-- RAW DATA follows --

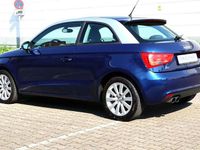 Gebraucht Audi A1 Ambition 122 PS (89 kW) 2011 Scubablau metallic Kleinwagen
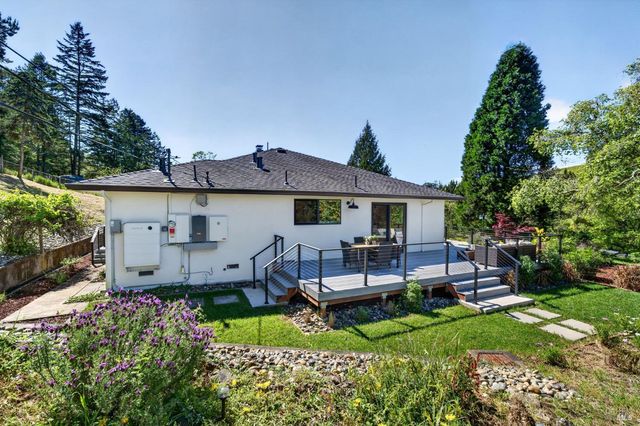 11957 Bodega Hwy, Sebastopol, CA 95472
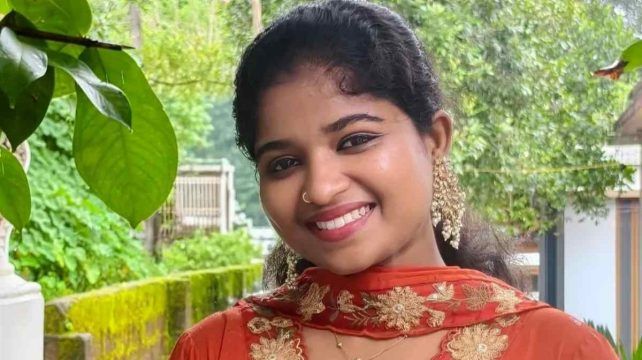 'ജീവിതം മടുത്തു': ജൂനിയർ ഹെൽത്ത് ഇൻസ്‌പെക്ടറെ ക്വാർട്ടേഴ്സിൽ മരിച്ച നിലയിൽ കണ്ടെത്തി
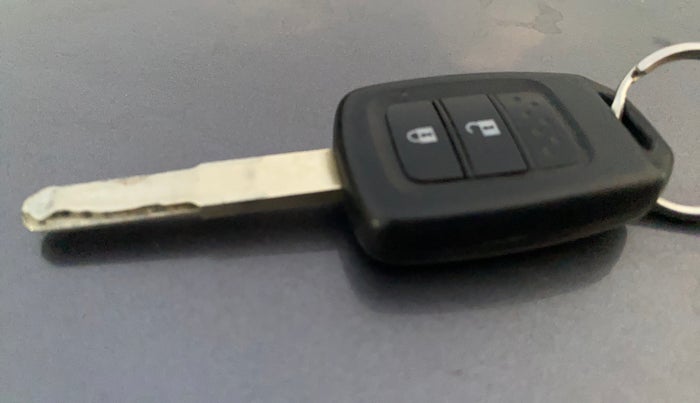 2019 Honda Amaze 1.2L I-VTEC S, Petrol, Manual, 1,46,741 km, Key Close Up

-- RAW DATA concluded --

▸ TASK TO COMPLETE
Return the lines of the data above in full and exactly, with no pictures.

▸ THE COMPLETED TASK
 Gebraucht Audi A1 Ambition 122 PS (89 kW) 2011 Scubablau metallic Kleinwagen
 11957 Bodega Hwy, Sebastopol, CA 95472
 'ജീവിതം മടുത്തു': ജൂനിയർ ഹെൽത്ത് ഇൻസ്‌പെക്ടറെ ക്വാർട്ടേഴ്സിൽ മരിച്ച നിലയിൽ കണ്ടെത്തി
 2019 Honda Amaze 1.2L I-VTEC S, Petrol, Manual, 1,46,741 km, Key Close Up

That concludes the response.